Лишь только они выехали из Нового Орлеана, как по обеим сторонам бетонного шоссе разноголосо затрубили комары, словно несколько духовых оркестров играли каждый свое. Река и дамба были по-прежнему с ее стороны, с его — открытые пространства, заросли деревьев и кустов, селения — несколько бедняцких лачуг. Во дворе столько народу, что непонятно, как семья умещается в доме. Он поворачивал голову то вправо, то влево, пристально вглядываясь, даже хмурясь от внимания. Они ехали уже довольно долго, и чем дальше оставался Новый Орлеан, тем моложе и смуглее становились девушки, сидящие на верандах и на крылечках, их иссиня-черные волосы были собраны на затылке, обтрепанные пальмовые листья, которыми они обмахивались, поднимались и опускались, как стайки бабочек. Бегущие к шоссе ребятишки были почти все голые.

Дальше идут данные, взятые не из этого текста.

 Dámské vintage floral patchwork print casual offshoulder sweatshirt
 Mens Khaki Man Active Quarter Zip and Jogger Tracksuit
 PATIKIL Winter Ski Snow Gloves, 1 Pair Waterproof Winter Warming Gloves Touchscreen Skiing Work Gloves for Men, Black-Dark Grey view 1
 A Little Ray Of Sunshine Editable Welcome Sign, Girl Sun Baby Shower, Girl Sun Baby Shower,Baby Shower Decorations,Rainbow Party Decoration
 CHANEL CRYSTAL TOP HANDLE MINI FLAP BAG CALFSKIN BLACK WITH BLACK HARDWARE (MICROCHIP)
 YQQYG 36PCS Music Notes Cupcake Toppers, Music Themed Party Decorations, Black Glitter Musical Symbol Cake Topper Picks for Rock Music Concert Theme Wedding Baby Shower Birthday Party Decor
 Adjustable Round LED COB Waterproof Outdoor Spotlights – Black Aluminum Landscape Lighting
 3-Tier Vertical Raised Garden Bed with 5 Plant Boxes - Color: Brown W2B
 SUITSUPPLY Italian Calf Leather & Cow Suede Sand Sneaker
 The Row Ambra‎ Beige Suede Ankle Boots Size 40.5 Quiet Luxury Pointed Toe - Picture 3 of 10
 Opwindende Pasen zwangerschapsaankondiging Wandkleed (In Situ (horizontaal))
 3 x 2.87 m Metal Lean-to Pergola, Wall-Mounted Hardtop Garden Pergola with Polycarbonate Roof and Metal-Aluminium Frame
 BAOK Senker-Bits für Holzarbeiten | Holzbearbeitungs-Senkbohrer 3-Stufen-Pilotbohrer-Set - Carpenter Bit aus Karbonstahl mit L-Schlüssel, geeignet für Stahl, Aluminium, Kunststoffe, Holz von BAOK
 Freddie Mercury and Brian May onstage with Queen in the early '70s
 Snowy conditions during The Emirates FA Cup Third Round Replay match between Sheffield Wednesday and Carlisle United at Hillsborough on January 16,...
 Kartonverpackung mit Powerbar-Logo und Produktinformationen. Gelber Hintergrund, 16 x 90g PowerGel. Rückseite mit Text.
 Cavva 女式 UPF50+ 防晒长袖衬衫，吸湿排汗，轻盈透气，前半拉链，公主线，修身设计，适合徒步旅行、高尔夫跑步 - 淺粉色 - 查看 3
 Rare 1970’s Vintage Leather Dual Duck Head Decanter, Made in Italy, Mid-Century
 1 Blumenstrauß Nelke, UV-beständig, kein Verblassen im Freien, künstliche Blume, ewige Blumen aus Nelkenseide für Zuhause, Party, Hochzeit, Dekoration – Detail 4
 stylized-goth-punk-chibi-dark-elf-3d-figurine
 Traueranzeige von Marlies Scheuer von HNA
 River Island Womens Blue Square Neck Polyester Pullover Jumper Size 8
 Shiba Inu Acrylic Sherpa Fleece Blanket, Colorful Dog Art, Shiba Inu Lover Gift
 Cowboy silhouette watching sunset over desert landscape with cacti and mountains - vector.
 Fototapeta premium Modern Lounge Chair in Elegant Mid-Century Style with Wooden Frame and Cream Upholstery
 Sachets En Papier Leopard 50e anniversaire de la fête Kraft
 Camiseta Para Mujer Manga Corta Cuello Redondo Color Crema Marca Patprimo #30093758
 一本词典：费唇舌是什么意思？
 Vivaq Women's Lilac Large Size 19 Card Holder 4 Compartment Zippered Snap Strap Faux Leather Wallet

Она смотрела на дорогу. То и дело перед самыми колесами ее перебегали крабы, хмурые, озабоченные, словно в нахлобученных колпаках.
— «Как старушка добиралась домой», — тихонько проговорила она. Он указал на промелькнувший букет срезанных цинний, он стоял в кастрюле на откинутой крышке почтового ящика у дороги и ждал, к ручке была привязана записка.
Они почти не разговаривали. Солнце яростно палило. Им встречались местные жители, они шли и ехали на велосипедах по каким-то свои делам, на рыбаках были зеленовато-желтые непромокаемые штаны; встречались фургоны, грузовики с катерами и без катеров, автобусы, и на крышах их тоже катера — все мчалось им навстречу, словно там, откуда они ехали, происходило что-то очень важное, а он и она бежали от него без оглядки. Почти в каждом пустом грузовике на кровати лежал мужчина без башмаков, с красным, разморенным лицом, какое бывает у людей, спящих днем, грузовик трясло, а он продолжал спать. Потом они словно въехали в мертвую зону, где не было ни людей, ни машин. Он расстегнул воротничок и расслабил галстук. Машина неслась через зной на огромной скорости, и казалось, что их лица обдувают работающие вентиляторы. Открытые пространства сменялись чащобами деревьев и кустарников, зарослями камышей, потом снова открывались поляны, и снова деревья, и опять камыши. От шоссе то вправо, то влево отходили посыпанные ракушками дорожки; иногда дорожка была вымощена досками и спускалась к желто-зеленому болоту.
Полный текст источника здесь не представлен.